After publishing a series of Facebook posts in late March accusing NGOs of polluting the Litani through poor management of latrines, the LRA filed a lawsuit against Intersos and World Vision. The two organizations are due to stand trial next Wednesday, according to Ali Ataya, the LRA’s lawyer, who added that preliminary investigations have been launched into 17 other NGOs.

Some NGO staff could be called before judges as early as this week.

The LRA’s anti-pollution campaign has so far targeted various actors it has alleged are responsible for the pollution, which is so bad that the agriculture sector is banned from using river water on crops.
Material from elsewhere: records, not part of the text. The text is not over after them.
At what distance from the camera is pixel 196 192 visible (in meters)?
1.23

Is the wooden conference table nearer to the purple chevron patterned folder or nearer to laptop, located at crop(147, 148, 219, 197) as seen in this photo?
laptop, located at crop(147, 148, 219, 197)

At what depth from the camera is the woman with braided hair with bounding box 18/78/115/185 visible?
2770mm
An American University of Beirut policy brief published in March states that since April 2018, the LRA had issued more than 200 violation notices to factories and municipalities around the Litani River basin, alleging the dumping of waste on the river’s banks, discharge of industrial and municipal wastewater into the river, and construction violations.
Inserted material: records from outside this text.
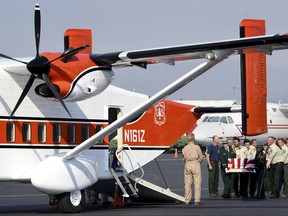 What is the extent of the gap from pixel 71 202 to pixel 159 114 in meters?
3.73

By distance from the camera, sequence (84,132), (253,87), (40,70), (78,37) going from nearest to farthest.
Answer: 1. (40,70)
2. (84,132)
3. (78,37)
4. (253,87)

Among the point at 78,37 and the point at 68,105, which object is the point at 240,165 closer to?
the point at 68,105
The LRA has recently begun to shift its focus to refugee communities. Since the flooding of the river basin in January in which a young refugee died, the authority has pressured the UNHCR to relocate refugee camps away from the floodplains. This was followed by several large-scale evictions of refugees in the southern reaches of the river: 300 were forced from their homes in the Sidon area on April 1, one of the largest such evictions carried out as part of the LRA’s anti-pollution drive.

The decision to file a lawsuit against Intersos and World Vision is a dramatic escalation.
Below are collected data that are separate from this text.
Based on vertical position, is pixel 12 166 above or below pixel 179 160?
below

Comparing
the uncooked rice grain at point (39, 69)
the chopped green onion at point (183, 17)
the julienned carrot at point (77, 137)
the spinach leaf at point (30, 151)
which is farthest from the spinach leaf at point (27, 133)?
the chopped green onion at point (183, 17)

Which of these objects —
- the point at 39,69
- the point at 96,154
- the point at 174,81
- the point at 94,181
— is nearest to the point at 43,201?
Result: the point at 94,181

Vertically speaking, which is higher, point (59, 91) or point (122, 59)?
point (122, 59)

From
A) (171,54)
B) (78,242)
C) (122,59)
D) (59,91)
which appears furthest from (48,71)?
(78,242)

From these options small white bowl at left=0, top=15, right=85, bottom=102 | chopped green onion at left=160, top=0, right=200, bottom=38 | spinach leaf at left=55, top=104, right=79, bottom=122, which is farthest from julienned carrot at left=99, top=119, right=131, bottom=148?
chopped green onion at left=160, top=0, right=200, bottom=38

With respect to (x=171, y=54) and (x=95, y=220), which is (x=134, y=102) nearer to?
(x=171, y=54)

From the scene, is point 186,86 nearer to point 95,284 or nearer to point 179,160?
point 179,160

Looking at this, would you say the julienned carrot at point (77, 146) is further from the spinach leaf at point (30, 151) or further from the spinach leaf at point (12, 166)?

Politicians or government bodies have sometimes been known to verbally target international organizations working in the refugee sector, or take unilateral action against them. Last year, Foreign Minister Gebran Bassil froze residency permits for UNHCR staff after alleging the organization had been discouraging refugees from returning to their homeland.

However, court action against NGOs is extremely rare. Ataya, the LRA’s lawyer, said that those responsible could receive a prison sentence.

Ataya said that the targeting of NGOs was “part of the anti-pollution campaign that started a year and a half ago. This is one of the steps of the campaign, along with getting rid of factories and other factors polluting the river.”

The lawyer added that the LRA had sent memos to the NGOs requesting meetings prior to taking them to court, but they had not responded. “We have pictures and video evidence that World Vision and Intersos, which work in the Bekaa, brought the latrines,” he told The Daily Star. “We can’t just accuse the Syrians. Who brought the latrines? Who put them there?”

Sanaa Maalouf, external engagement director for World Vision, denied that the organization had received any official correspondence from the LRA. Nevertheless, she said, World Vision was cooperating fully with the case, but added the issue was “not as simple as communicated.”

Conceding that latrines had been known to overflow on occasion, Maalouf said this was sometimes outside the NGOs’ control. Landlords, she said, didn’t always allow the organization to rehabilitate latrines. “Sometimes, refugees have added pipes from the tanks of the latrines to the canal,. It’s not that this is done by the organization consciously.”